Pope Francis delivers the Urbi et Orbi blessing in St Peter’s Square, attending by up to 300,000 faithful and tourists, at the Vatican yesterday. Photograph: L’osservatore Romano/AP Photomano
Pope Francis delivers the Urbi et Orbi blessing in St Peter’s Square, attending by up to 300,000 faithful and tourists, at the Vatican yesterday. Photograph: L’osservatore Romano/AP Photomano

Pope Francis rounded off an intense week of Easter celebrations when bestowing his first Urbi et Orbi blessing yesterday at the end of a traditional Easter Sunday Mass on the steps of St Peter's in Rome.

Speaking to an enormous crowd of perhaps 300,000 faithful and tourists, Francis used the occasion to make an appeal for “peace in the whole world”.

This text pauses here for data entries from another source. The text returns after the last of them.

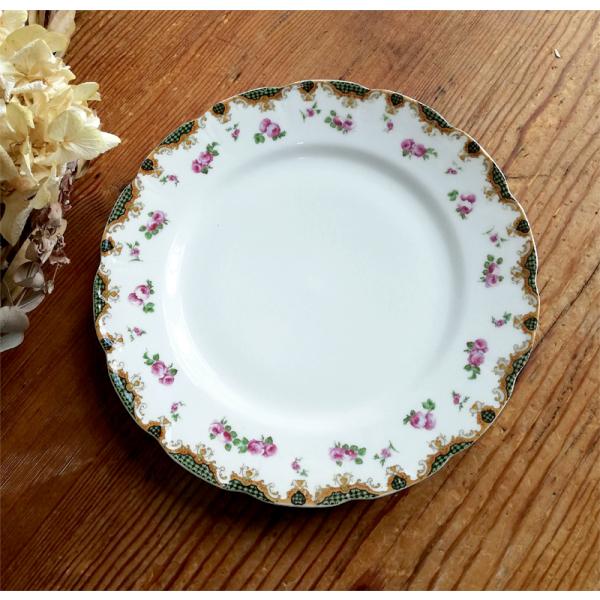 LIMOGES JBT&amp;CIE リモージュ 薔薇柄 デイナープレート フランスアンティーク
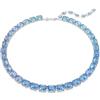 Swarovski Collana Tennis Millenia, Taglio Octagon, Sfumatura di colore, Blu, Placcato rodio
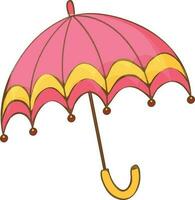 Illustration of pink umbrella icon. vector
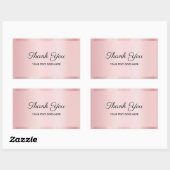 Uw aangepaste tekst Glam Roze Gouden Script Bedank Rechthoekige Sticker (Vel)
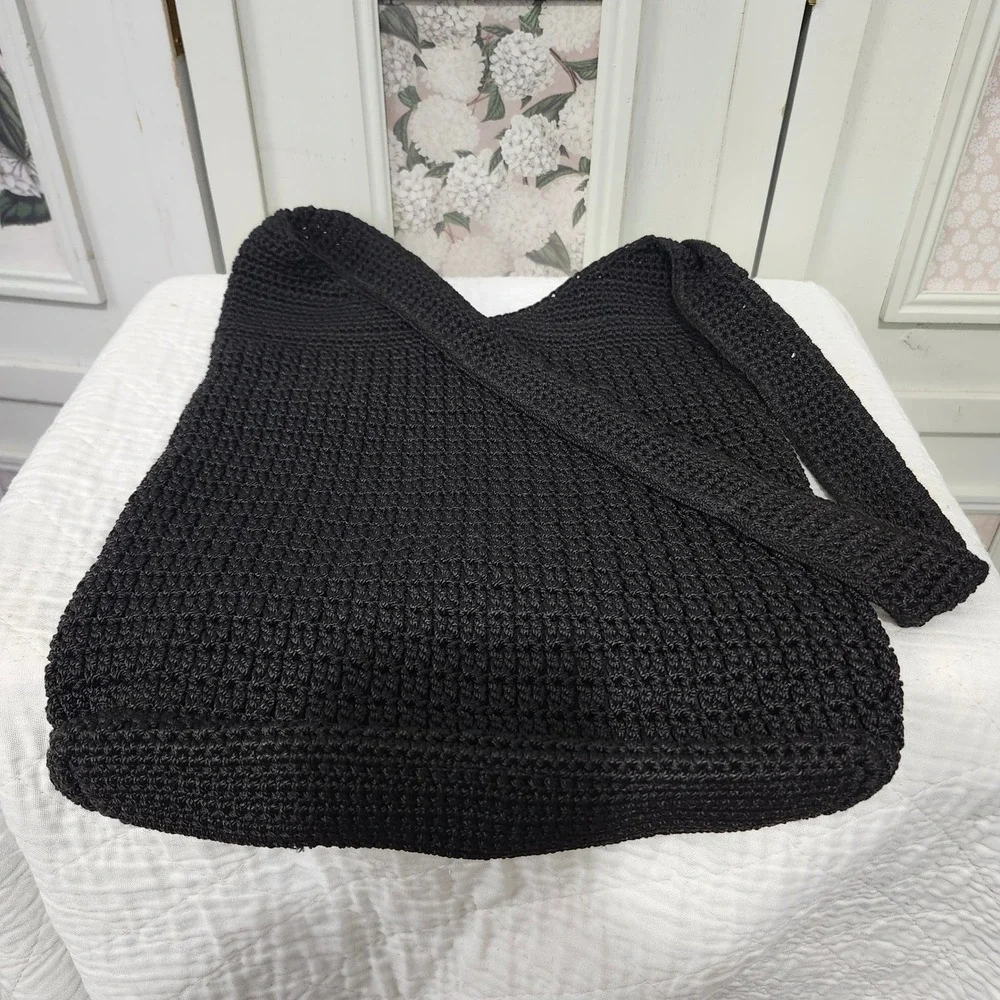 Vtg Jacqueline Ferrar Black Crochet Hobo Shoulder Bag Slouchy Knit Tote Bohemian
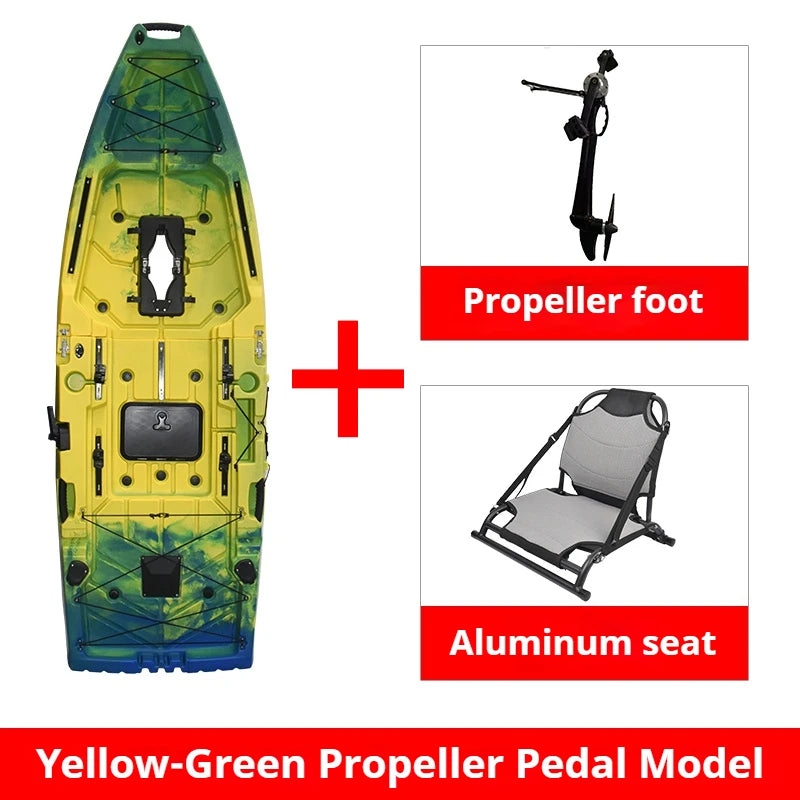 2-Seater Modular Kayak, Electric/Pedal-Driven HDPE Canoe with Aluminum Seats, Portable Fishing Boat for Lake Recreation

In his homily, the pope stressed the traditional Easter message of the "good news" of the "risen Christ", who died to save all sinners. Towards the end of his address, however, he appealed for an end to bloodshed in a number of countries, including Iraq, Syria, Mali, Nigeria, the Democratic Republic of Congo, the Central African Republic and the Korean peninsula.

He also called for peace in the Middle East, “particularly between Israelis and Palestinians, who struggle to find the road of agreement”.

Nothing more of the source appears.